Voie dénommée rue Fredo-Kroumnow par une décision du conseil municipal du 3 décembre 1991. Cette rue est située dans le quartier de la Mer Rouge, une ancienne zone industrielle reconvertie dans différentes activités tertiaires. Elle est perpendiculaire aux rues Marc-Seguin (ingénieur français 1786-1875) et de Chemnitz (ville allemande de l’ancienne RDA jumelée avec Mulhouse). La plaque indique l’année de naissance (1927) et de décès (1974) et met en relief la carrière syndicale sans autre précision. La désertion de la Wehrmacht, l’armée nazie, n’est pas évoquée.


Bertrand Merle

Sources
Les rues de Mulhouse.
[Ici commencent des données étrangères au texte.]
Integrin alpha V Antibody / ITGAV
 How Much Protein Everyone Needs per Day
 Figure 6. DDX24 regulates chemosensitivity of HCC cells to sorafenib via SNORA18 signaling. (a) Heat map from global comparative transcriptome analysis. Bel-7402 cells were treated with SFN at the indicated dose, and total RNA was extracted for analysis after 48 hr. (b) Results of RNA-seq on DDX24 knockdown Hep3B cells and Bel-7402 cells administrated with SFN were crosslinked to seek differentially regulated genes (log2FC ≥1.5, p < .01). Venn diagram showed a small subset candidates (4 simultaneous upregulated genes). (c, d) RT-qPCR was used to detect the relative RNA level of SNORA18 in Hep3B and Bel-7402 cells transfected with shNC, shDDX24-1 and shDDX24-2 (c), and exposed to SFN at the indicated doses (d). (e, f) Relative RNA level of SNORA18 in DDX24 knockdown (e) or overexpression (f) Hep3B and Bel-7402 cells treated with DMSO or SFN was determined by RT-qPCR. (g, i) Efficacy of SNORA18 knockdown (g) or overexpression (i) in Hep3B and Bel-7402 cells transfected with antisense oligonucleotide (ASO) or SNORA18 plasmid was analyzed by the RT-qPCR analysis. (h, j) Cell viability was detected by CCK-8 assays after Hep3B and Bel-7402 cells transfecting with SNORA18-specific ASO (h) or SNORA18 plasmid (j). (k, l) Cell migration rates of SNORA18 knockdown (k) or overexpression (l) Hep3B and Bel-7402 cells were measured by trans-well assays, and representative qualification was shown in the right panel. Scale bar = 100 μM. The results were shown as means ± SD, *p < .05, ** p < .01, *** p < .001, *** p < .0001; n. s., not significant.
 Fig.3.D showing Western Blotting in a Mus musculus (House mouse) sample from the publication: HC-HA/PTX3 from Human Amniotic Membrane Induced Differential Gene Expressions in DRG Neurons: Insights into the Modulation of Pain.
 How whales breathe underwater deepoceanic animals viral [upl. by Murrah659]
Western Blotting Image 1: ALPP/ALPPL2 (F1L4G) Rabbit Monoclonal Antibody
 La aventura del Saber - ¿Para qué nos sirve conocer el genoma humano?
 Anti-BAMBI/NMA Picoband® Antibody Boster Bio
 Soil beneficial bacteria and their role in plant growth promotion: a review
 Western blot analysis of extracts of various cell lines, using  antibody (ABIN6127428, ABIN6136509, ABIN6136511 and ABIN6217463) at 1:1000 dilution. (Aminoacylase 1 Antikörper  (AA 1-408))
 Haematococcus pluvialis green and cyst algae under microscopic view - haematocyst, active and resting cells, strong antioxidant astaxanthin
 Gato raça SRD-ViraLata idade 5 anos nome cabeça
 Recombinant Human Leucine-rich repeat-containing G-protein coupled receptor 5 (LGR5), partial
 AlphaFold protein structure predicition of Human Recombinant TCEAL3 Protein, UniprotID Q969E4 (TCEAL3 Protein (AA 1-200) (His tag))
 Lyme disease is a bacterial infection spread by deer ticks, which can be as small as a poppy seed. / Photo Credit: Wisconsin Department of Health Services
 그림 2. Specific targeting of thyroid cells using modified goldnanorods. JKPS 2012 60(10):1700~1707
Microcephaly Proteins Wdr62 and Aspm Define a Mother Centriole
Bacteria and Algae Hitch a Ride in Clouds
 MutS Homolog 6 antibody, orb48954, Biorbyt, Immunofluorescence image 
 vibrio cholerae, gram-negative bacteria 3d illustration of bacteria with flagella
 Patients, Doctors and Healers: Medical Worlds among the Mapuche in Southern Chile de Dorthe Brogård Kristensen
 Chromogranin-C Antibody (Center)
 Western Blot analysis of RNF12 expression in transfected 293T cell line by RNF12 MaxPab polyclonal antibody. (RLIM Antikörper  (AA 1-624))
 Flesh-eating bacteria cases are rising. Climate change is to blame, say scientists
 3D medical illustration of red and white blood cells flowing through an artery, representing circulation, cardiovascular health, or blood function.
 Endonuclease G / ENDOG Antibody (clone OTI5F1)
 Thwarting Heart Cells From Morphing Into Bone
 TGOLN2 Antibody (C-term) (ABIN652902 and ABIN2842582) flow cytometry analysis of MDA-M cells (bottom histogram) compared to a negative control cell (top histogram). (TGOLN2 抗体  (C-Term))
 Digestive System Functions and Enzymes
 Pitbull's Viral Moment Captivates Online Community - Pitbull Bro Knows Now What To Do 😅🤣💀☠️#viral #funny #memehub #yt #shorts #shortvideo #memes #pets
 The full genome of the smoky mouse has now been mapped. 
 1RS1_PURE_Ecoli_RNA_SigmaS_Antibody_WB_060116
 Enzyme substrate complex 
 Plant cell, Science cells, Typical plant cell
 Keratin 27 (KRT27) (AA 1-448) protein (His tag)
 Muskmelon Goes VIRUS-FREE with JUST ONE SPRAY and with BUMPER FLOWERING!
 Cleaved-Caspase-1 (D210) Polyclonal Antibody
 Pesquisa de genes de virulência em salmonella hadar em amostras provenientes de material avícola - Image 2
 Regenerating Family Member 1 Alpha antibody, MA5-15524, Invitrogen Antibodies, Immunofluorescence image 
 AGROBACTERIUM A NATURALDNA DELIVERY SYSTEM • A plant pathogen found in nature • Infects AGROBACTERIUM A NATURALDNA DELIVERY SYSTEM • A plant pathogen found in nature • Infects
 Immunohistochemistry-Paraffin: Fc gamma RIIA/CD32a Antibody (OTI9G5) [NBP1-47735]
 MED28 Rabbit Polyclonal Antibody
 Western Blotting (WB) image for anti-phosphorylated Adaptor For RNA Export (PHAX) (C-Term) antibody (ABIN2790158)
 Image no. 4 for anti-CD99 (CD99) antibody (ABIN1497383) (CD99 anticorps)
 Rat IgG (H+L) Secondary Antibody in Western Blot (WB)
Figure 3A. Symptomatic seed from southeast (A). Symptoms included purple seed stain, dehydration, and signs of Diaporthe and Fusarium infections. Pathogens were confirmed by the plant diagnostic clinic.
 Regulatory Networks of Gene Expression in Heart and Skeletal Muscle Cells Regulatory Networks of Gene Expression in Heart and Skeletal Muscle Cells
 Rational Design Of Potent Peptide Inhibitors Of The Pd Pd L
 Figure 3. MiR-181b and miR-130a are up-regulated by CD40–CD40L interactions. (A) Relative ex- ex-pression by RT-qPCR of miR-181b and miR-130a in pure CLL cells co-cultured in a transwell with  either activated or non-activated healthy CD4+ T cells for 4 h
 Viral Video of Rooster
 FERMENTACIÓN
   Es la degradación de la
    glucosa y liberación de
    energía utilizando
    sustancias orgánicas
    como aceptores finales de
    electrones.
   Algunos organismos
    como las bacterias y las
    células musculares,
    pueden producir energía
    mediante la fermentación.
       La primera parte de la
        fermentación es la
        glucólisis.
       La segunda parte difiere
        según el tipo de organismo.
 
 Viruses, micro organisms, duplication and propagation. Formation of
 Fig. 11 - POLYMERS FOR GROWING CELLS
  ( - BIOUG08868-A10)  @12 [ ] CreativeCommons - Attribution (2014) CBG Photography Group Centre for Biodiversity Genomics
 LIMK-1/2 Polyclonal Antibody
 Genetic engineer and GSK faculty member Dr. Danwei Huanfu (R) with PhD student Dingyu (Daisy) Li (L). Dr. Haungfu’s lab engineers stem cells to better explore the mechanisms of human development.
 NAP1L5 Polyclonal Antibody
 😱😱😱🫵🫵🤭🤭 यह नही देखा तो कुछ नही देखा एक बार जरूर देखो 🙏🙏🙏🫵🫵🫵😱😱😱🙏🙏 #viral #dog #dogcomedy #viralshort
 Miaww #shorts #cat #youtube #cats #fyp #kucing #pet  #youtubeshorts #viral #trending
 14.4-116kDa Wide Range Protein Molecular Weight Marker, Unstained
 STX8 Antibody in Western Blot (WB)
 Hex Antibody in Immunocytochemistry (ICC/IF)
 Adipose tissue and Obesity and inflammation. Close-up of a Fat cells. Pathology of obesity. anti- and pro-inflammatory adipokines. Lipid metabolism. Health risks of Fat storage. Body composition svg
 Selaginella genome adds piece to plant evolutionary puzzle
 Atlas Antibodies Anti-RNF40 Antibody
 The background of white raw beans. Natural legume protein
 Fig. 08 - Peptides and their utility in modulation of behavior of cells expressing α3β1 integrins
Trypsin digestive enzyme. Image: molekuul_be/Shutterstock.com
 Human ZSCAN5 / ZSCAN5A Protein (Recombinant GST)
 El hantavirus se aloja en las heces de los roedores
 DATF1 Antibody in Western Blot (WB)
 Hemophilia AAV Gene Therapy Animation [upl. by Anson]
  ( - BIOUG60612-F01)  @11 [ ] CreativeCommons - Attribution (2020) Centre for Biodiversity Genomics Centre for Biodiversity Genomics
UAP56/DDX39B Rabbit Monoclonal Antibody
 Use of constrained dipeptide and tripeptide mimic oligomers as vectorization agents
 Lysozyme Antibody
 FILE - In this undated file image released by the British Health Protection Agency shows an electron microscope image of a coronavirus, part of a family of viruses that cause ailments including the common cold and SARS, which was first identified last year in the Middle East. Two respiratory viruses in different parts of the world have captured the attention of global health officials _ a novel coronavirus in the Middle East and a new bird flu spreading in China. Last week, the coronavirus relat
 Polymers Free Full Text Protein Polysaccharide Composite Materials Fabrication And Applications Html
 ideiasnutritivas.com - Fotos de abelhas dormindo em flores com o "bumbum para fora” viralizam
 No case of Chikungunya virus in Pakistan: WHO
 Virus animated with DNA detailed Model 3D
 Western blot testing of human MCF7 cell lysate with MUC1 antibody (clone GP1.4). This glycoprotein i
Histoire et patrimoine, Conseil consultatif du patrimoine mulhousien et avec le concours de la Société d’histoire et de géographie de Mulhouse, Editions JM 2007 et JM 2009 actualisées et enrichies.

Contexte historique

Alfred-Louis Kroumnow, dit Frédo, est né à Mulhouse (Haut-Rhin) le 29 mai 1927 et décédé au Bourg-d’Oisans (Isère) le 19 mai 1974. Il est issu d’un milieu ouvrier et militant. Il est le fils de Guillaume-Frédéric de nationalité allemande, né à Mulhouse en 1891 lequel subira l’épuration en 1945. Sa mère, Louise-Marie Hassler, est française. La famille habite dans le quartier populaire Saint-Fridolin en bordure du canal de décharge de l’Ill.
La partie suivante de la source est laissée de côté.